Our ever-changing, competitive and uncertain world provides a challenging backdrop to all of this, but we are now also moving into a time where we will have 4 or 5 generations in our workforce, each influenced by the major historical events, social trends and cultural phenomena of its time. These forces have shaped the values, expectations and priorities of the different generations so ensuring they are all happy and engaged at work, is arguably another challenge for our leaders now and in the future.
Broadly speaking the generational cohorts are split into: Veterans (1939-1947), Baby Boomers (1948-1963), Generation X (1964-1978) and Millennials (1979-1991).
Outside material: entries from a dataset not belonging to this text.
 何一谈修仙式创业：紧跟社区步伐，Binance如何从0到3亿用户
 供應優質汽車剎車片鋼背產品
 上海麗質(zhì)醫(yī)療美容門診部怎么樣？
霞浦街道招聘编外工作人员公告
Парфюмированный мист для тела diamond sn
There is also a new generation which will soon enter the workforce, Generation Z, who are under 16 years old.
Last week, our Leeds HR Leadership Forum discussed some of the challenges and benefits of this phenomenon and whilst we didn’t have all the answers we enjoyed an open and engaging discussion that gave us all plenty of food for thought and for me, personally, excitement and optimism for the future.
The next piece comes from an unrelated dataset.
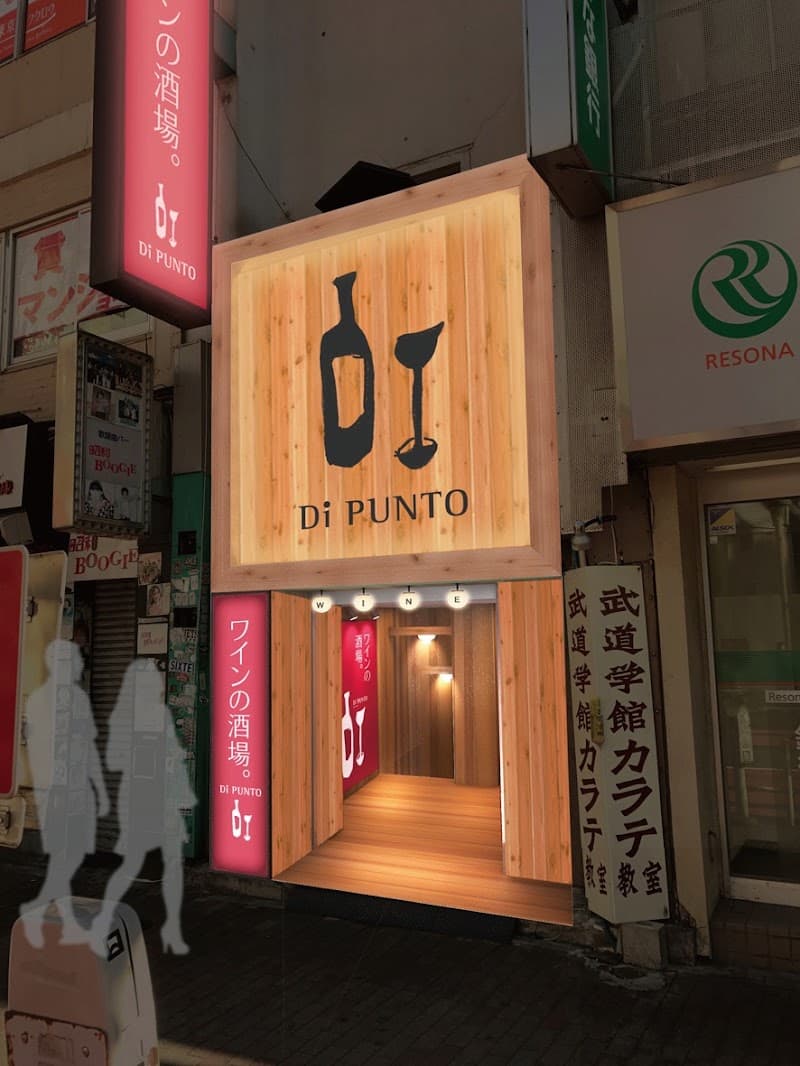 ワインの酒場。ディプント 新宿西口店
I’d be lying if I said we didn’t explore the various stereotypes of the different generations. You know the ones. Veterans and Baby Boomers are slow to change but loyal and hard-working, believing the younger generations need to ‘pay their dues’ etc… Millenials are ‘tech-savy’, seek work-life balance and purpose in their work but require immediate gratification and feel ‘entitled’; while Generation X are comfortable with change and self-reliant they are cynical and harbor an inherent distrust of establishments.
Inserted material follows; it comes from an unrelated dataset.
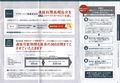 Tu-ka案内3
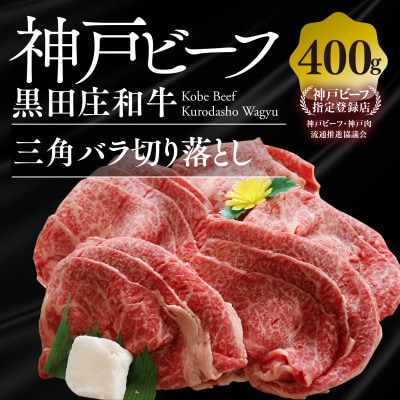 【黒田庄和牛】三角バラ切り落とし 400g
Undoubtedly some of these clichés will ring true for some but as we discussed last week, there’s a real danger in sweeping people under ‘headings’ and using assumption and our unconscious biases to influence key business decisions around how we attract, reward and develop our people. Of course we need to understand the different factors that motivate our employees, but surely doing more to engage each person, as a unique individual, will reap bigger rewards for the organisation and individual in the long run?
Maybe then the multi – generational workforce ‘challenge’ isn’t really anything new at all? Maybe we simply need to accelerate the facilitation of environments where, regardless of age or any other characteristic, people are encouraged to learn from one another and able to bring their best selves to work each day? After all, if you follow Dan Pink’s theory on motivation (Drive: The Surprising Truth About What Motivates Us, 2009) once people are paid enough to take the issue of money ‘off the table’, they want autonomy (desire to be self-directed), mastery (desire to get better) and purpose (desire to do something that has meaning and importance).
What do you think? How are you embracing these differences within your workforce for the benefit of the organisation and the individual?